Le matin du rendez-vous, je n’ai pu l’accompagner, je devais faire visiter à un client une maison à la campagne. Et sur le chemin du retour, mon cellulaire m’a surprise avec un de ses textos : « c’est fait! Je sors de la clinique. »
Je conduisais sur une magnifique route bordée de champs et de fleurs à perte de vue et je me disais que peut-être trois aurait été bien. Et si nous nous étions trompés? Et si nous avions pris la mauvaise route? Soudainement, tout est devenu flou, je roulais, je pleurais et je voyais ces cinq dernières années défiler dans mon esprit. Deux tests de grossesse positifs, deux accouchements parfaits, de nombreuses chicanes à trois heures du matin, car nous étions juste trop fatigués d’être fatigués. Et ça, c’est sans calculer le nombre de fois où j’ai sorti mon précieux thermomètre. Vraiment ces années avaient été un déversement de nouvelles expériences. Et là, ce petit texto qui m’annonçait que c’était la fin. Honnêtement, ça m’a prise au cœur. Sans que je m’y attende, j’avais un deuil à faire.
Je suis rentrée à la maison, je me suis allongée près de lui avec son sac de pois verts. Pour lui, c’était réglé dans sa tête depuis le jour de la naissance de notre petite dernière. Mais pour moi, ça venait de prendre officiellement fin. Je lui ai dit : « c’était vraiment l’fun d’agrandir cette famille avec toi, ça me rend triste de penser que cette étape est déjà terminée… mais d’un autre côté, ça me rend heureuse, car toi et moi on fait un méchant bon team. Encore aujourd’hui. »
Il m’a embrassée tout en grimaçant de douleur. L’espace d’un instant, j’ai eu mal pour lui, j’ai vraiment eu de l’empathie. Mais ça n’a duré qu’un gros deux minutes. Après tout, c’est moi qui avais fait le gros du travail.
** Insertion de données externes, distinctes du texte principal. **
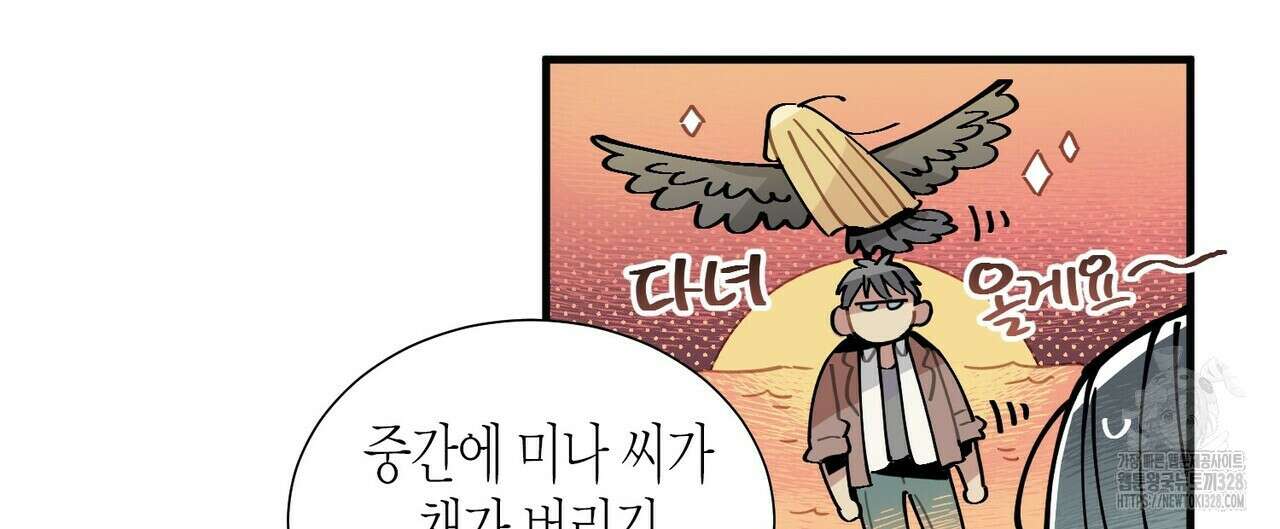 저주를 처벌하는 법 3화 4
Je suis donc partie faire le dîner en me disant que la vie m’avait fait un inestimable cadeau avec ces deux enfants, que même si c’était loin d’être rose bonbon, la famille était vraiment de loin le plus beau projet que nous avions bâti ensemble. La vasectomie bouclait la boucle et c’était bien comme ça! Il faut prendre le temps d’accepter la fin des choses, même si quelque part, on voudrait que le temps s’arrête.